深々とした横顔は端正なだけに何か深謀遠慮があるように見えた。だが本当に白瀬に何か深い考えがあるか、簗には分からない。白瀬は簗よりずっと学があり、短慮でもなかったが、簗よりずっと破滅的に生きている。少なくとも簗はそう思っていた。
「俺ァ誰と組むのも嫌いなんだ」
「そうか」
「みんな死ぬからな」
簗は己より一枚も二枚も落ちる相方を庇いながら戦えるほど器用な男ではなかった。組んだ相手は大抵死んだ。そうでなくとも鬼殺隊士は花びらが落ちるように死んでいくものだ。己のせいだとは思わない。だが良い気分はしない。
白瀬は唇の端に笑みめいたものを浮かべた。薄い唇が「わかるよ」と囁いた気がした。
簗は顔をしかめた。頬の傷が大きく引き攣る。白瀬は組んだ隊士を庇えるだけの実力があるはずだ。
「てめえには分かんねえだろ」
簗は前を見たまま吐き捨てる。白瀬がちらとこちらを見る気配があった。
白瀬が簗の機能が失われた足を見て「これで傷付かずに済む」と言ったことをそのときの怒りと共に思い出す。
「分かんねえよ、てめえには」
低く繰り返す。
脚を失ったから戦わずに済むなどということは、簗にはあり得ない。学もなく、頼れる親族もなく、気性の荒い簗には暴力以外で食っていく術がない。今さらチンピラに戻るのは厭だった。前線から身を退き産屋敷からの温情で細々食いつなぐことも考えられない。

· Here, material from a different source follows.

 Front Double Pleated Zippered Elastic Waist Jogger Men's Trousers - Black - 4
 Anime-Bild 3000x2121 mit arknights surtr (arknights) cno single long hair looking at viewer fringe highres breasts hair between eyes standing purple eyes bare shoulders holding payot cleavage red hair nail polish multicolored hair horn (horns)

簗にとって鬼殺は活計だった。それ以上でもそれ以下でもなく、生きていくには身を削って鬼を斬るしかなかった。それを辞めればその暴力は人間と己に向くだけだ。それが鬼殺隊内で反感を買っていることも承知していた。だが簗にしてみれば、憎しみや仇討ちで鬼殺に命を賭ける方が余程道楽じみている。
己を目の敵にする隊士どもが簗には身食いする家畜のように見えた。簗は誰のためにも剣を振らない。己のためだけだ。それは正気を失わぬ一線であり、ささやかな矜持であった。
「分からないか」
「分かってたまるかよ」
そうか、と言ったきり白瀬は黙り込んでしまう。気まずい沈黙が下りた。簗はそれに耐えかね「あのよ」と声を上げる。その先はろくに考えていなかった。
「柱になりやがったな」
苦し紛れに言う。白瀬は羽織の袖を摘まんだ。
「そうだな」
「もう少し誇ってもらわねえとこっちの立つ瀬がねえよ」
門前町への行程は中程まで来ていた。二人とも素人ではないので緊張は高まる。それを感じさせぬ穏やかさで白瀬は笑った。
「やることは変わらない。ただ期待だけが重い」
「俺から鉄穴森さんかっさらいやがってノヅラ晒しやがる」
「――まだ根に持っているのか。何年前の話だ」
簗は律儀に数えようとし、馬鹿馬鹿しくなって己の手の甲を眺めた。拳胼胝は薄れ、そのかわりに無数の切り傷が出来ている。いくつかの指は痺れて上手く動かない。
「十年後だろうと噛み付いてやる」
ふ、と白瀬は息を漏らした。
「本当にやりそうで恐ろしいな」
言うなり白瀬は刀を抜き放った。青鈍の刀身が闇に融ける。一拍遅れて簗も刀を抜く。放り投げた鞘ががらんと音を立てた。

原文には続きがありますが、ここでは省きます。